**YOUR ASSIGNMENT:**
Your job is to return the whole listing unchanged while skipping its images.

-- Opening Marker --

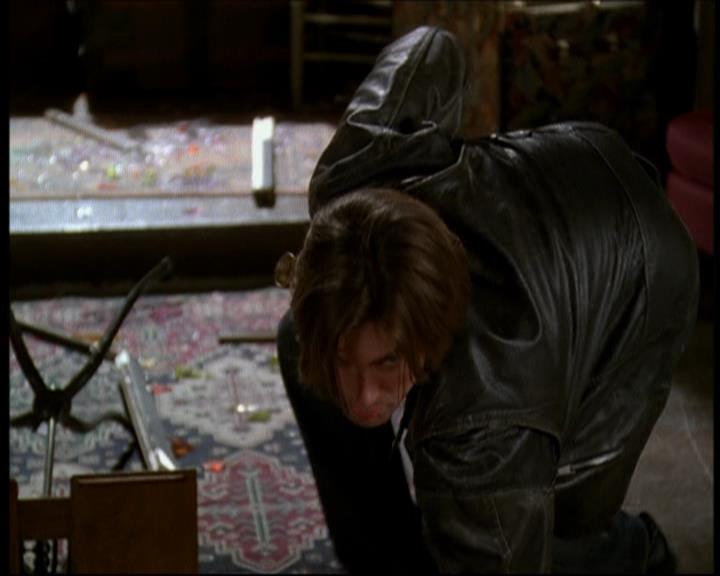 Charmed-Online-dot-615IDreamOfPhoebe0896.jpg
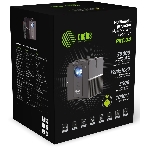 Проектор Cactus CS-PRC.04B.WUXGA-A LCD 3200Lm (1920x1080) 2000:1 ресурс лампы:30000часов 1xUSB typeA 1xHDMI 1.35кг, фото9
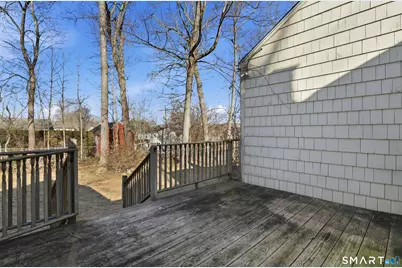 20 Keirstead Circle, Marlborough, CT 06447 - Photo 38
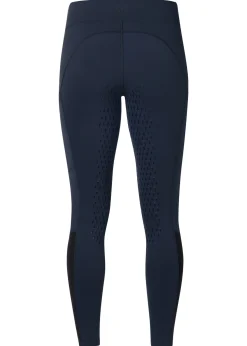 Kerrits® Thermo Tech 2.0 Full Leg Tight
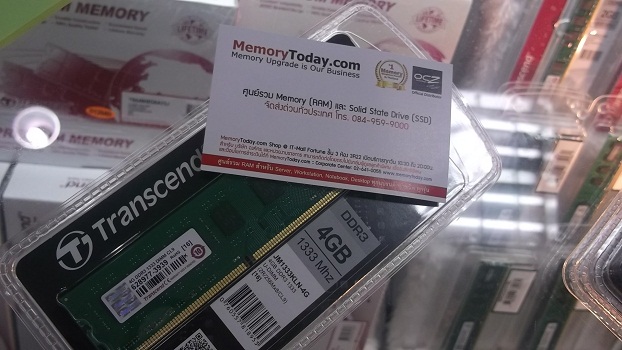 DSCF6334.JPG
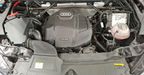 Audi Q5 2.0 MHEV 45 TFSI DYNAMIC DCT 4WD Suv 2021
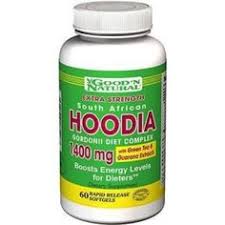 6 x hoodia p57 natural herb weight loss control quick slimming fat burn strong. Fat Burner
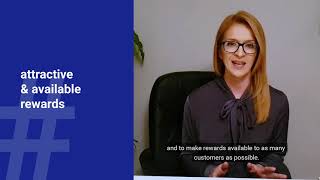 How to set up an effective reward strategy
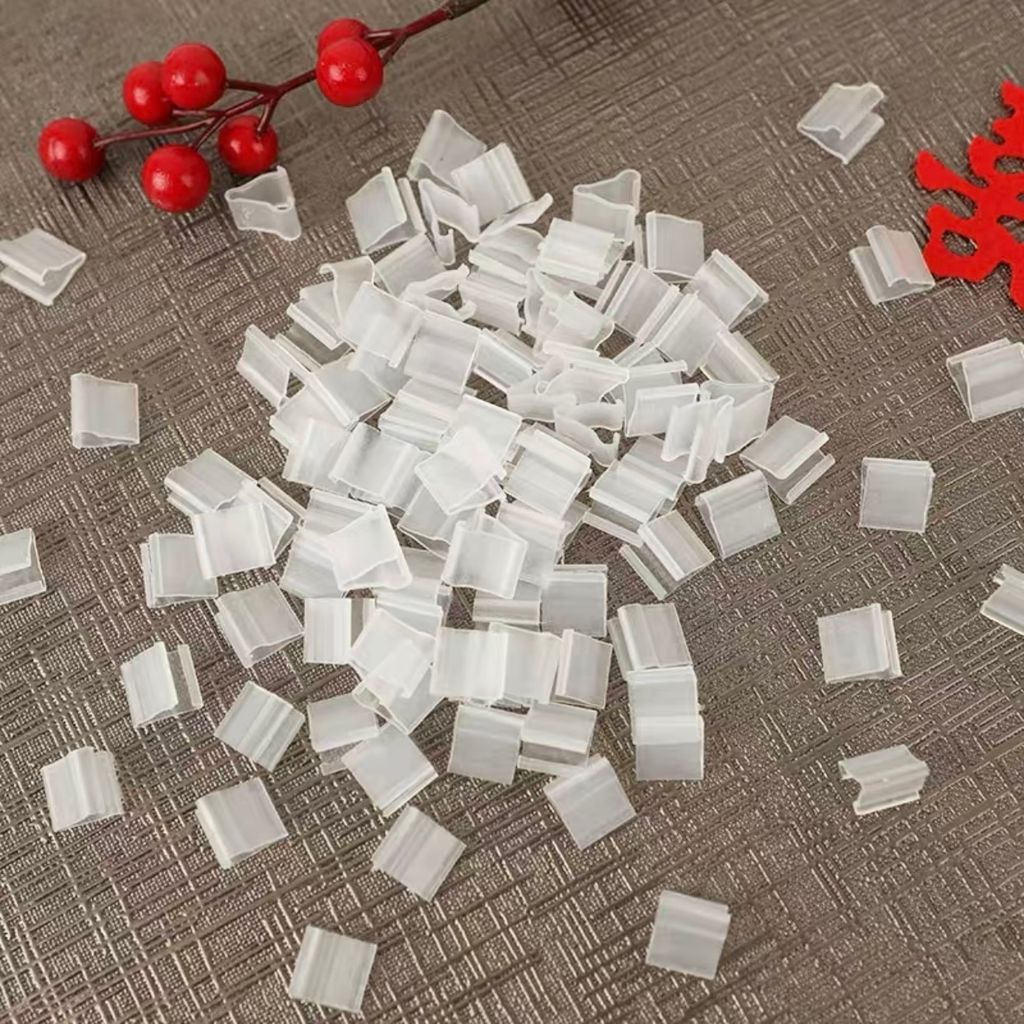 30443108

-- Closing Marker --

**THE COMPLETED TASK:**
 Charmed-Online-dot-615IDreamOfPhoebe0896.jpg
 Проектор Cactus CS-PRC.04B.WUXGA-A LCD 3200Lm (1920x1080) 2000:1 ресурс лампы:30000часов 1xUSB typeA 1xHDMI 1.35кг, фото9
 20 Keirstead Circle, Marlborough, CT 06447 - Photo 38
 Kerrits® Thermo Tech 2.0 Full Leg Tight
 DSCF6334.JPG
 Audi Q5 2.0 MHEV 45 TFSI DYNAMIC DCT 4WD Suv 2021
 6 x hoodia p57 natural herb weight loss control quick slimming fat burn strong. Fat Burner
 How to set up an effective reward strategy
 30443108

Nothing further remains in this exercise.